Rampant Inflation in Russia Is Basis for World-Beating Linkersby
Barclays to add notes to indexes, enlarging audience for funds
Finance ministry to tap 2023 issue at Wednesday's auction
While inflation may be the biggest problem for Russia’s central bank, it may also be the key to unlocking a new source of foreign capital: via index-linked bonds.
With the second-fastest rate of consumer-price growth in the developing world, Russian linkers have returned 8.5 percent since they were first offered in July, luring buyers such as the California Public Employees’ Retirement System, or Calpers. Credit Suisse Group AG has touted them as an alternative to regular bonds and they’re about to get included in Barclays Plc indexes starting in February, opening the market to mutual funds that use the gauges to measure their own performance.
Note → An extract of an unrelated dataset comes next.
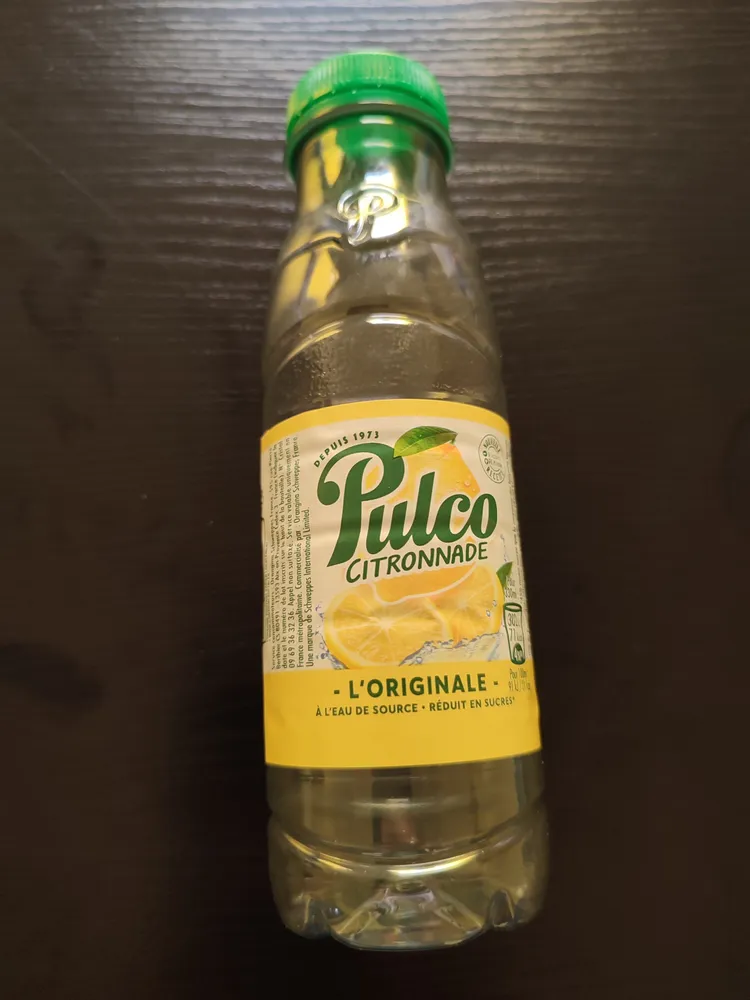 pulco citronnade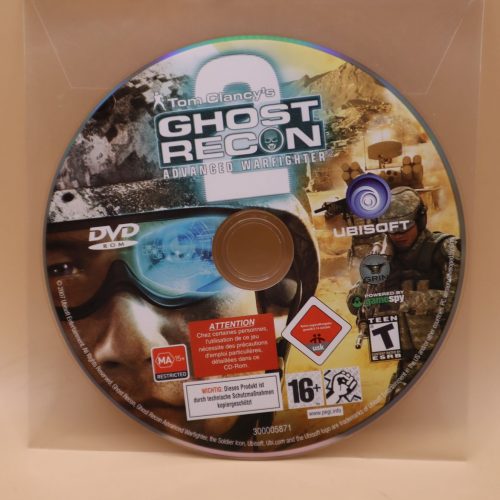 Tom Clancy's Ghost Recon Advanced Warfighter 2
Russia sold 30 billion rubles ($465 million) more of the 2023 bonds today in an auction that drew 2.4 times more orders than bonds available, the Finance Ministry said. The notes were offered at 99.41 percent of face value, paying real average interest of 2.72 percent. Appetite will persist even as policy makers try to quell inflation that’s four times the central bank’s target, said Luis Costa, the chief fixed-income strategist for central and eastern Europe, the Middle East and Africa at Citigroup Inc. in London. Russia’s 15.6 percent inflation rate trails only Venezuela in emerging-market economies.
“Investors will demand some inflation hedge, so demand for linkers will be very good," Costa said by e-mail. The inclusion of the notes in the Barclays index “is a very positive development,” he said.
Gains on Russian inflation-linked notes have exceeded those of 20 nations in a Bank of America Merrill Lynch index since they were first sold. Although Russia is not part of the Merrill index, it will be added to the Barclays Emerging Markets Government Inflation-Linked Bond Index, Barclays said in a statement Monday.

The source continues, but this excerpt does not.